Dr Matthew S. Bramble
Matthew is currently an NIH Fogarty Global Health Fellow based in the Democratic Republic of the Congo and a Staff Scientist in the Dept. of Genetic Medicine at Children’s National Medical Center located in Washington DC. Dr Bramble holds a Ph.D. in Human Genetics from UCLA, where he was mentored by Eric Vilain, M.D, Ph.D. His background has predominately focused on genetic and epigenetic mechanism underlying sex differences in the mammalian brain as well as genetic influences contributing to disorders of sex development (DSD). Lately, Dr Bramble has spent most of his research efforts building genetic capacity within the DRC to expand user-friendly genetic diagnostic tools as well as techniques involved in basic molecular biology/genetics. In addition to building genetic capacity the DRC he also focuses heavily on infectious disease research; predominately Ebola.

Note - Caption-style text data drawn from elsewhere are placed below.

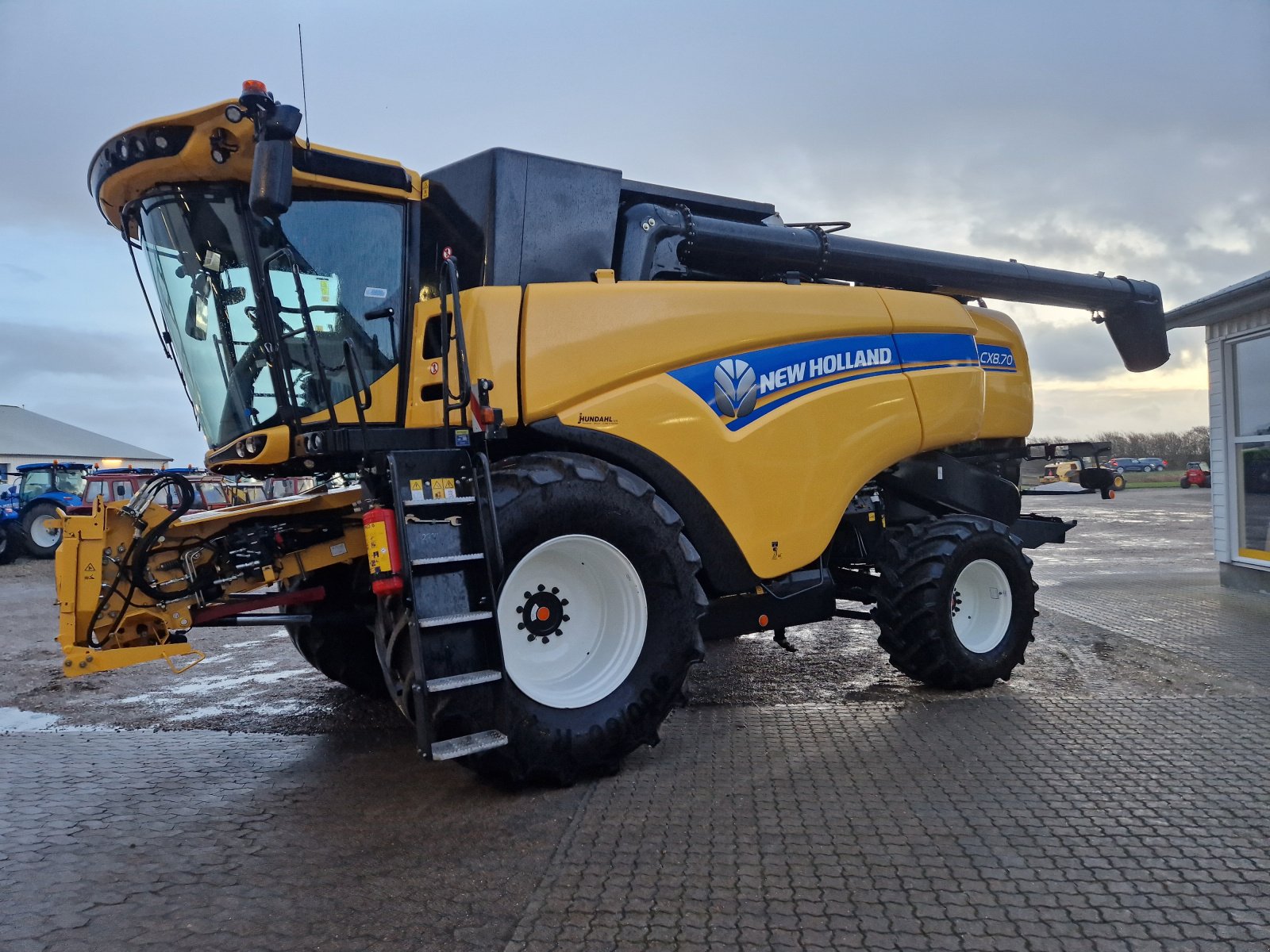 Mähdrescher du type New Holland CX8.70 SLH, Gebrauchtmaschine en Thisted (Photo 2)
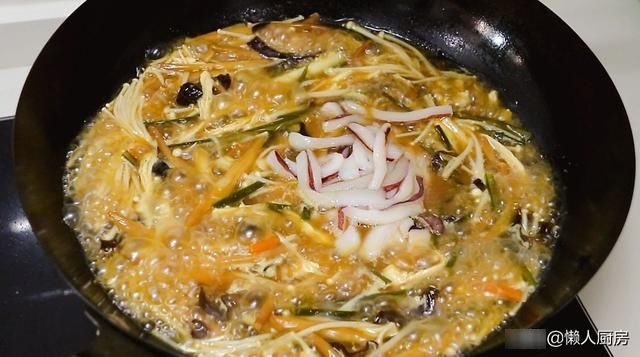 秋季要多喝这汤,看着就很有营养,暖胃又驱寒,明星在家也做了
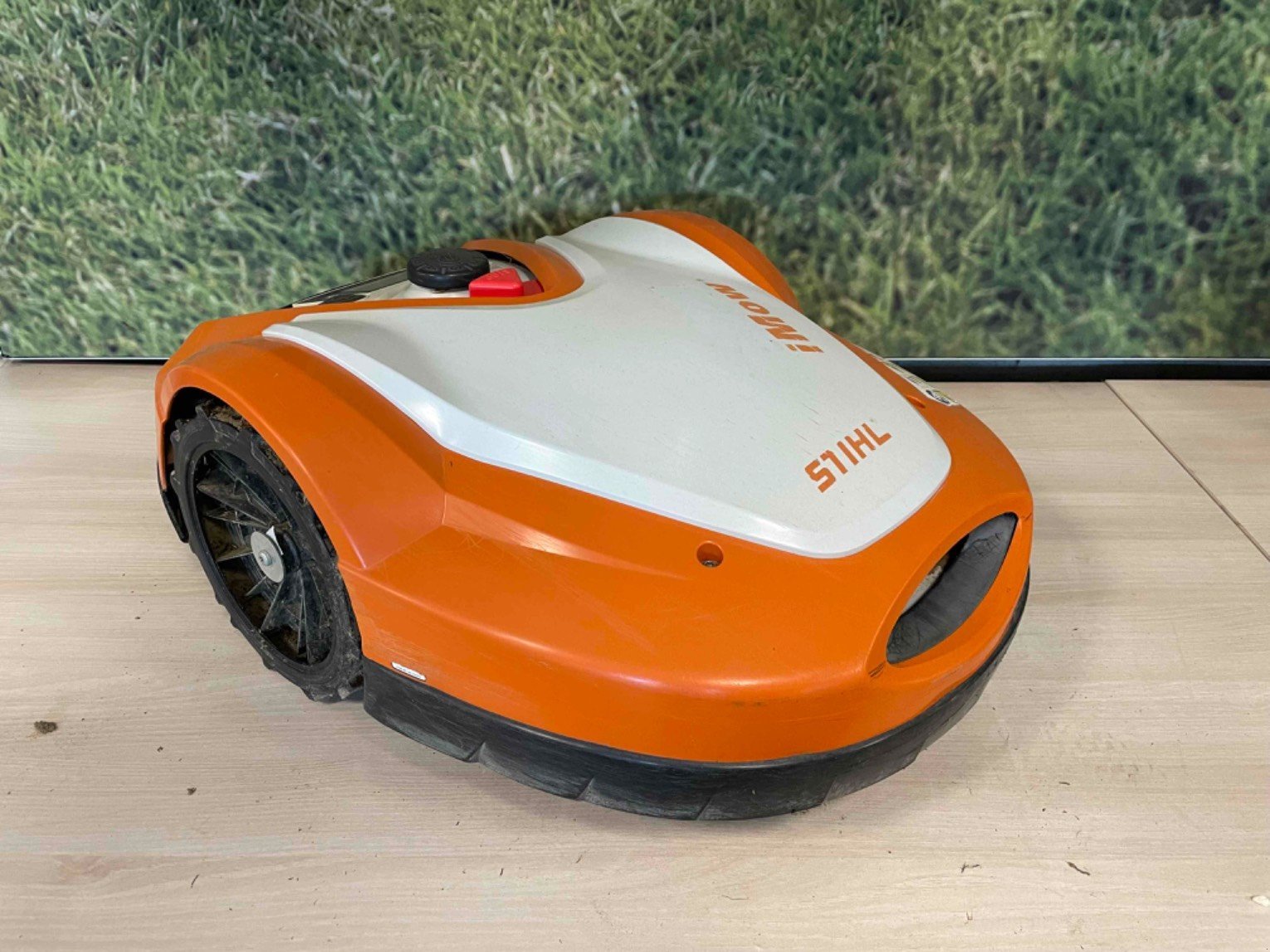 Rasenmäher des Typs Stihl Robot de tonte MI 632 Sthil, Gebrauchtmaschine in LA SOUTERRAINE (Bild 1)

Dr Matthew W Darlison BA MA PhD
Dr Matthew W Darlison works in the UCL Centre for Health Informatics and Multiprofessional Education (CHIME), where his role combines teaching, teaching/technical support and research. He is informatics lead and co-head (with clinical lead Professor Bernadette Modell) of the World Health Organisation Collaborating Centre for Community Genetics at UCL, where since 1997 he has been developing and applying informatics approaches to various aspects of community genetics, including surveillance, epidemiology, and education and information for patients, families, communities and health professionals.

Originally trained as a linguist (German and comparative literature), he is an experienced health informatician with a particular interest in applying web technologies to address problems of knowledge dissemination and communication in relation to community genetic services and congenital disorders.